# I found a site in SA to skin your vape



## DreadZero (8/12/17)

So I was on a search to find a place that would skin my vape.. Found something. They really good and super accurate. - http://vaping-mad.com

Sent from my SM-G950F using Tapatalk

Reactions: Like 2


----------



## Jengz (8/12/17)

I’ve seen these skins and they are absolutely awesome! Very very professional. I seen a Tesla invader wrapped and a battlestar mod.
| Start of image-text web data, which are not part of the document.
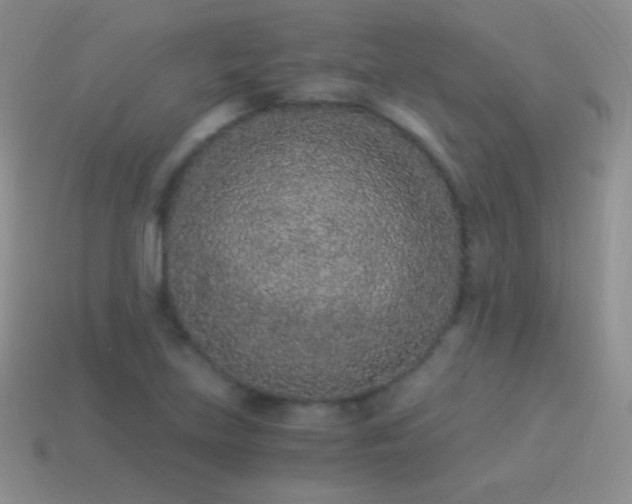 X0000114521219200910191147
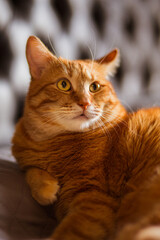 Portrait of Playful Ginger Cat Raising up Paw and Looking on Black Background.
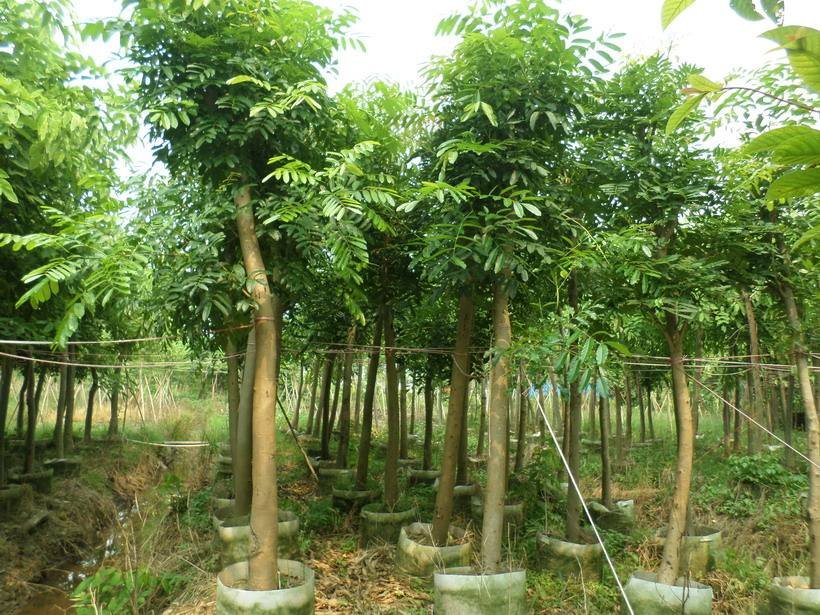 《桃花心木》的主要内容是啥？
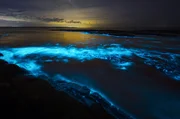 Das geheimnisvolle Meeresleuchten an den Küsten Europas wird erzeugt von Biolumineszenz und tritt vor allem in warmen Sommernächten auf.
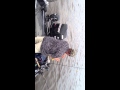 Trolling Winnebago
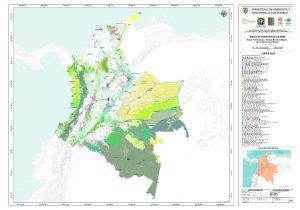 Colombia Ya Cuenta Con Su Primer Mapa De Vegetaci N Natural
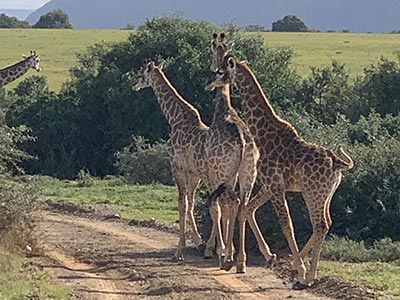 Shamwari Private Game Reserve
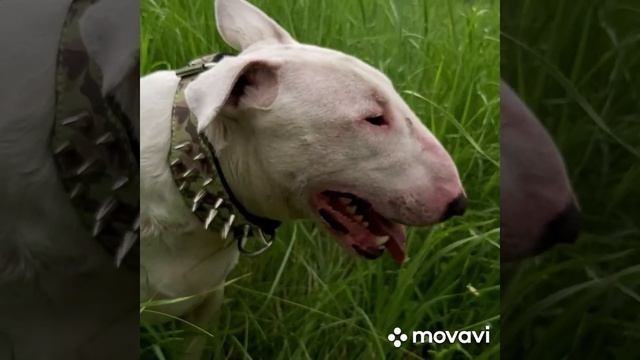 собаки убийцы???)))) пит,стафф,бультерьер. смотреть онлайн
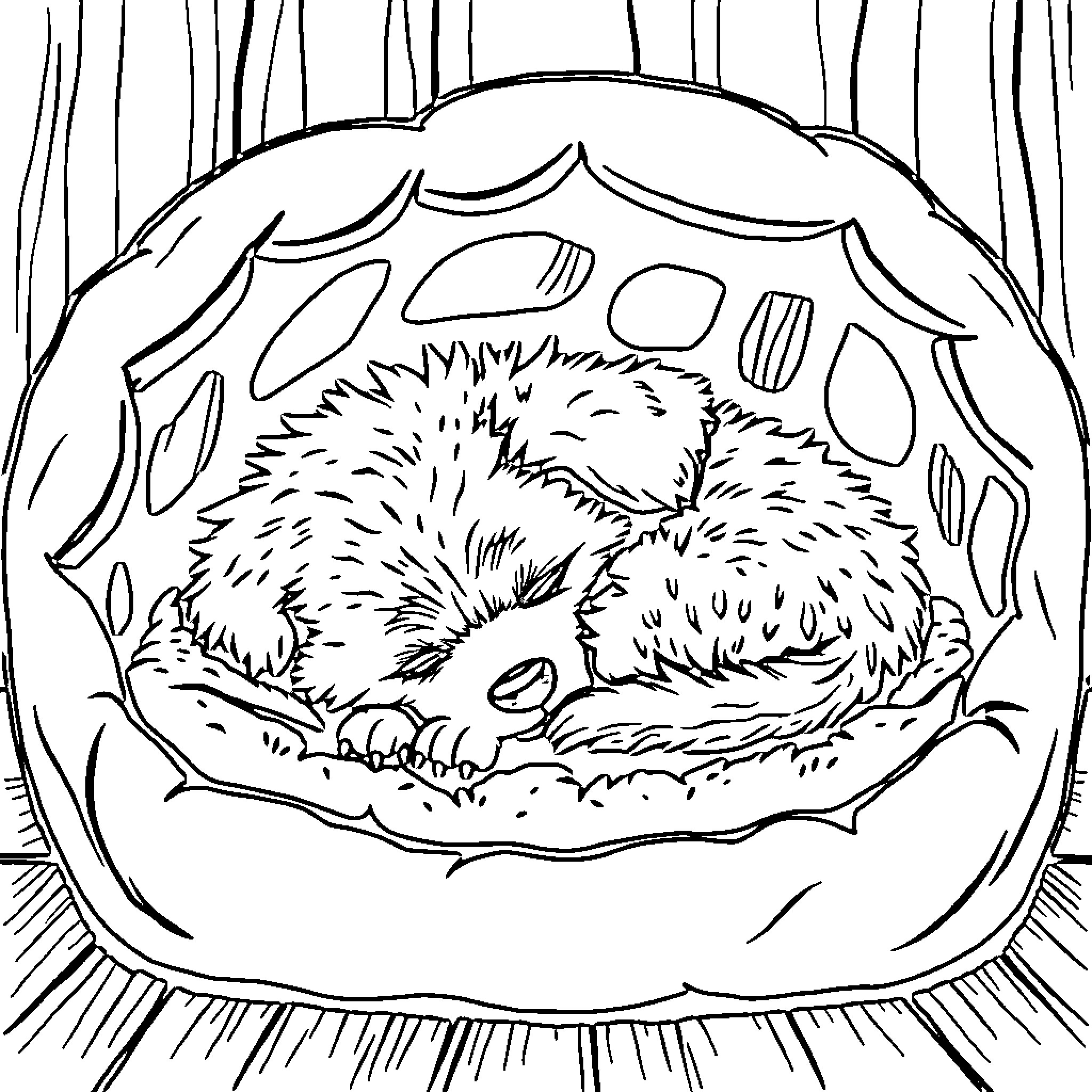 Puppy Sleeping Comfortably in Its Nest Coloring Page (free black-and-white line drawing printable PDF for all, from beginners to advanced learners, including children, teens, adults, and seniors)
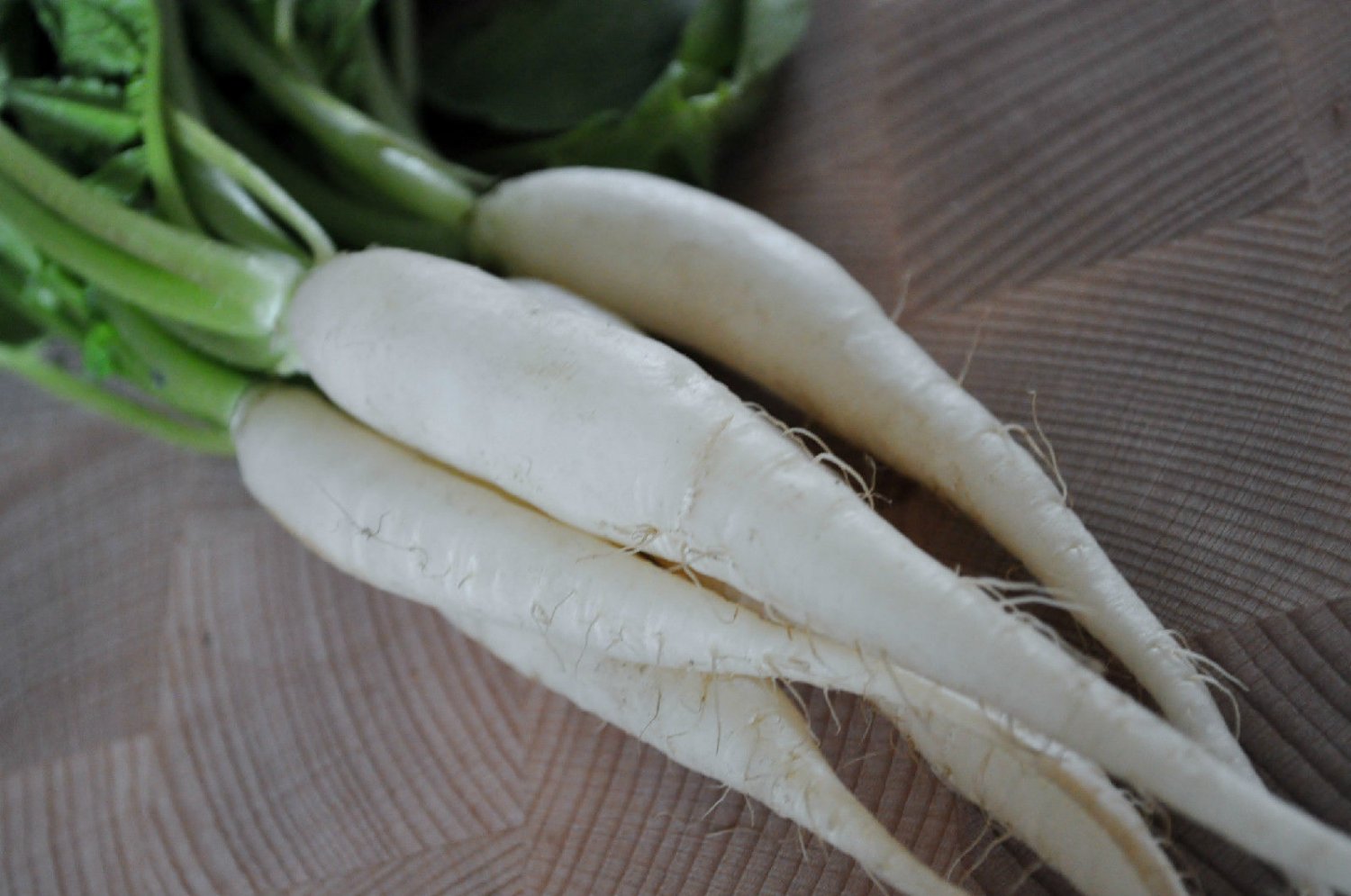 radish, WHITE ICICLE, fast growing, 425 seeds!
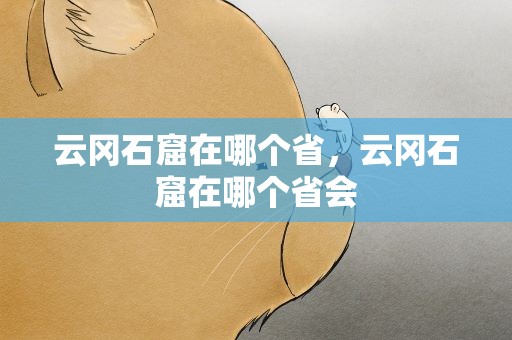 云冈石窟在哪个省，云冈石窟在哪个省会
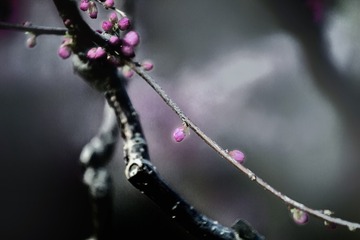 花境01s
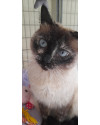 sharon-small-4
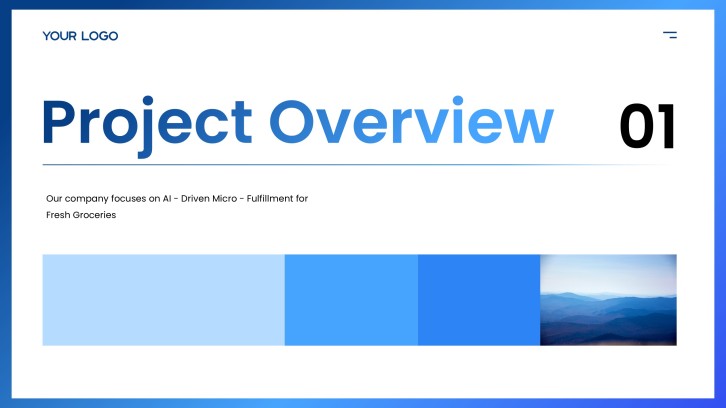 Project Management Monthly Report PPT slide 3: Project Overview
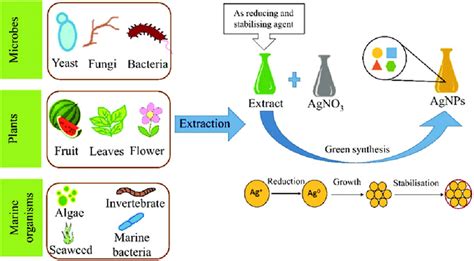 Schematic Representation Of The Agnps Biosynthesis Procedures Utilising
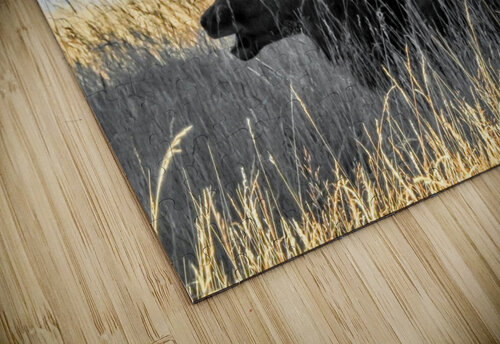 Deer on field RezieMart puzzle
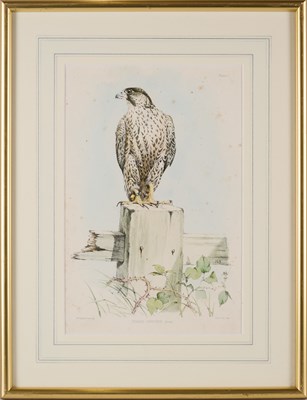 Lot 402 - WILLIAM BRODRICK (BRITISH 1814-1888)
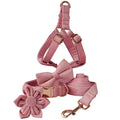 Stijlvolle Bloemmotief Hondenset Met Halsband, Harnas, Riem en Bloemenaccessoire - Ruffy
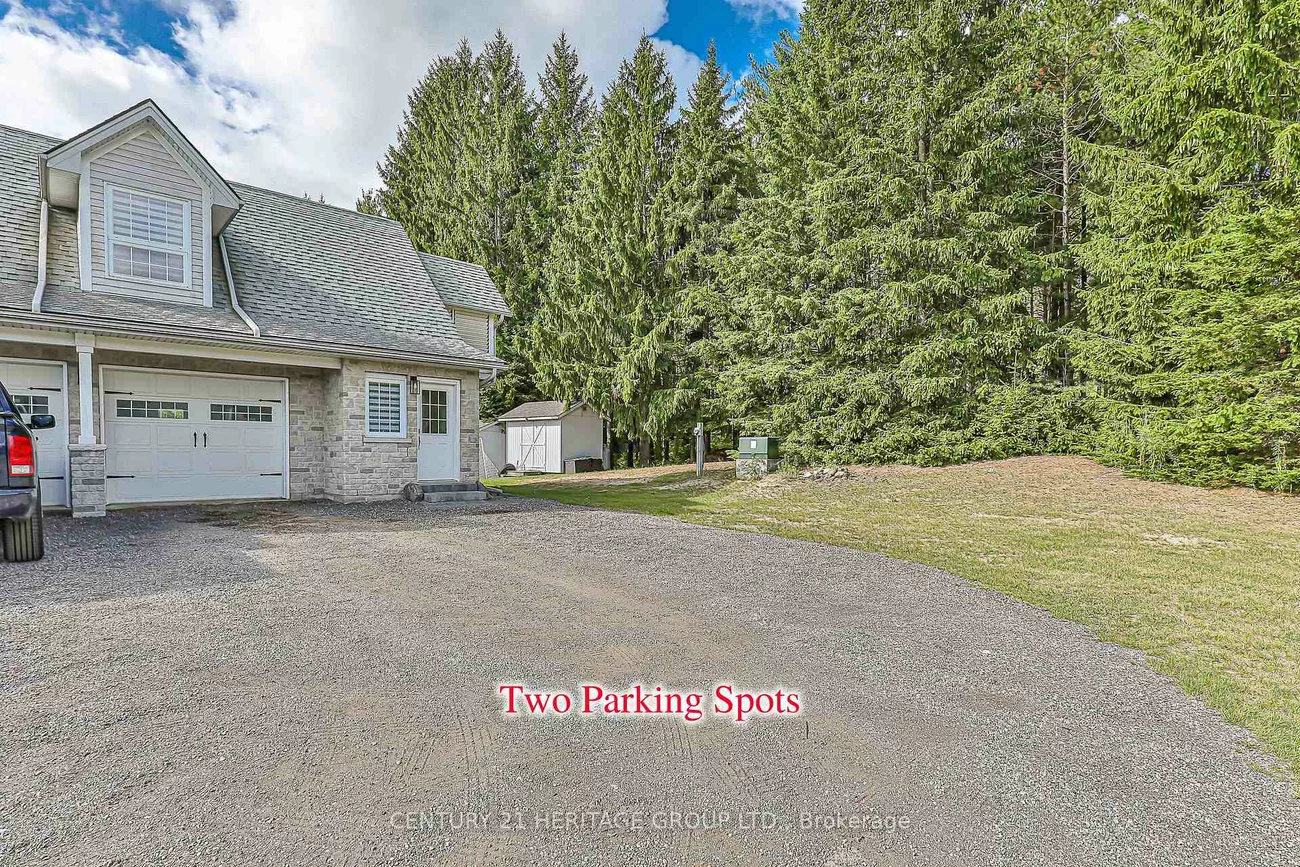 3471, Mount Albert, Rural East Gwillimbury, East Gwillimbury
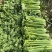免催芽西芹种子凯撒大帝芹菜种子叶柄亮绿有光泽纤维少高产抗病强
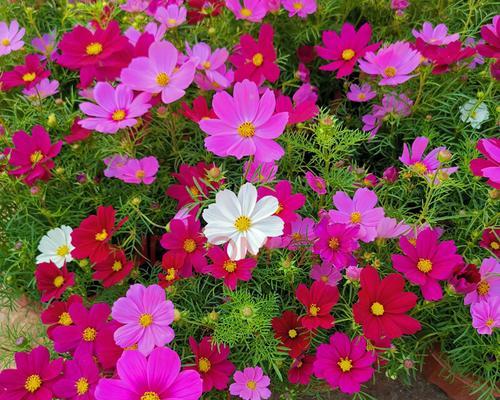 波斯菊花怎么种（波斯菊种植方法步骤）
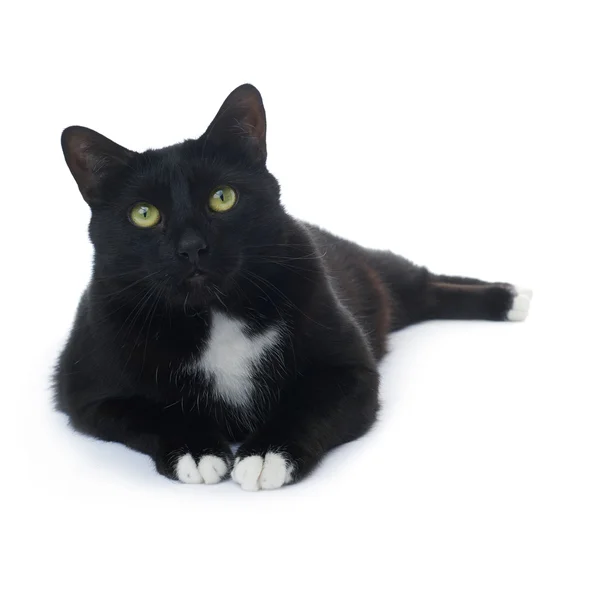 Chat noir allongé isolé sur le fond blanc — Photo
I think what impressed me most was that they it almost seemed as if those mods came from the factory like that, didn’t look after market.

Reactions: Like 2


----------



## jm10 (8/12/17)

DreadZero said:


> So I was on a search to find a place that would skin my vape.. Found something. They really good and super accurate. - http://vaping-mad.com
> 
> Sent from my SM-G950F using Tapatalk



Very cool, post a few pics after you send both your mods


Sent from my iPhone using Tapatalk

Reactions: Like 1


----------



## SmokeyJoe (8/12/17)

DreadZero said:


> So I was on a search to find a place that would skin my vape.. Found something. They really good and super accurate. - http://vaping-mad.com
> 
> Sent from my SM-G950F using Tapatalk


Bud, get an avatar. Even if its a pic of a pair of nuggets

Reactions: Like 3 | Agree 1 | Funny 2


----------



## zadiac (9/12/17)

I don't want to skin my vape. Poor thing, and what do I do with the skin afterwards anyway?

Reactions: Like 1 | Funny 6


----------



## ace_d_house_cat (11/12/17)

I always get great service from Nev and the team at VM. Highly recommend.

Reactions: Like 1


----------



## Kalashnikov (11/12/17)

So how does one going about getting a skin for a mod not listed?


----------



## BATMAN (11/12/17)

This is awesome!
Thank you for this!


----------



## DreadZero (14/12/17)

Kalashnikov said:


> So how does one going about getting a skin for a mod not listed?


They fetch your mod, give you a mod to use while they have yours, and when they done they bring it back.

Reactions: Winner 1


----------



## Adephi (14/12/17)

Would be nice if they could make that carbon fibre into billet box panels.


----------